As the Court of Appeals for the Eleventh Circuit has noted, "[t]he phrases `reasonably accommodate' and `undue hardship' are not defined within the language of Title VII," and "[t]hus, the precise reach of the employer's obligation to its employee is unclear under the statute and must be determined on a case-by-case basis." Beadle v. Hillsborough County Sheriff's Dep't, 29 F.3d 589, 592 (11th Cir. 1994); accord Bush v. Regis Corp., 257 F. App'x 219, 221 (11th Cir. 2007). However, "the Supreme Court has explained that a reasonable accommodation is one that `eliminates the conflict between employment requirements and religious practices.'" Morrissette-Brown, 506 F.3d at 1322 (quoting Ansonia Bd. of Educ. v. Philbrook, 479 U.S. 60, 70 (1986)).

"[C]ompliance with Title VII does not require an employer to give an employee a choice among several accommodations; nor is the employer required to demonstrate that alternative accommodations proposed by the employee constitute undue hardship." Beadle, 29 F.3d at 592 (citing Ansonia Bd. of Educ., 479 U.S. at 68). "[T]he inquiry ends when an employer shows that a reasonable accommodation was afforded the employee, regardless of whether that accommodation is one which the employee suggested." Id.

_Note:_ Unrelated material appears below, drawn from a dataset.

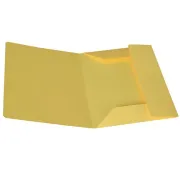 Cartellina 3 lembi - 200 gr - cartoncino bristol - giallo sole - Starline - conf. 25 pezzi OD0112BLXXXAH04 -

Defendants assert that they offered Ms. Santiago two reasonable accommodations, both of which she refused. First, they offered to allow her to cover the nose ring with a flesh-colored Band-Aid. Second, they assert that they offered to allow Ms. Santiago to leave the store when the inspector from Subway Development came by each month so that the store would not be written up as "out of compliance" based on her wearing of the nose ring. In light of case law providing that "the inquiry ends" once it is shown that a reasonable accommodation was afforded, Defendants argue that they should prevail on summary judgment due to these offers. The EEOC, however, argues that neither of these accommodations was reasonable because neither "eliminated the conflict" between the employment requirement and the religious practice.

Although the parties disagree regarding whether Ms. Santiago initially accepted the offer to wear a Band-Aid over her nose ring, it is undisputed that she ultimately rejected it. The EEOC argues that the Band-Aid was not a reasonable accommodation, relying heavily on EEOC v. Red Robin Gourmet Burgers, Inc., No. C04-1291JLR, 2005 WL 2090677 (W.D. Wash. Aug. 29, 2005), in which an employee whose wrists were tattooed as part of his religious observance refused to cover up the tattoos when requested by the employer because to do so would amount to sacrilege. The Red Robin court found the plaintiff's statement sufficient to establish, for summary judgment purposes, that he had sincere religious beliefs that prevented him from covering up the tattoos to conform to the employer's dress code barring visible tattoos. Defendants assert that Red Robin is distinguishable because Ms. Santiago has acknowledged that it is "not a sin" in her religion to not wear a nose ring. However, Ms. Santiago also stated that to wear the Band-Aid over her nose ring would be "like abnegating [her] religion." (Santiago Dep., Attach. to Doc. 44, at 67). The Court cannot hold as a matter of law that the offer to cover the nose ring with the Band-Aid was an offer of a reasonable accommodation. Ms. Santiago's explanation that "it would be like abnegating her religion" to cover the nose ring with a Band-Aid is sufficient to preclude a determination that the Band-Aid suggestion was a reasonable accommodation as a matter of law.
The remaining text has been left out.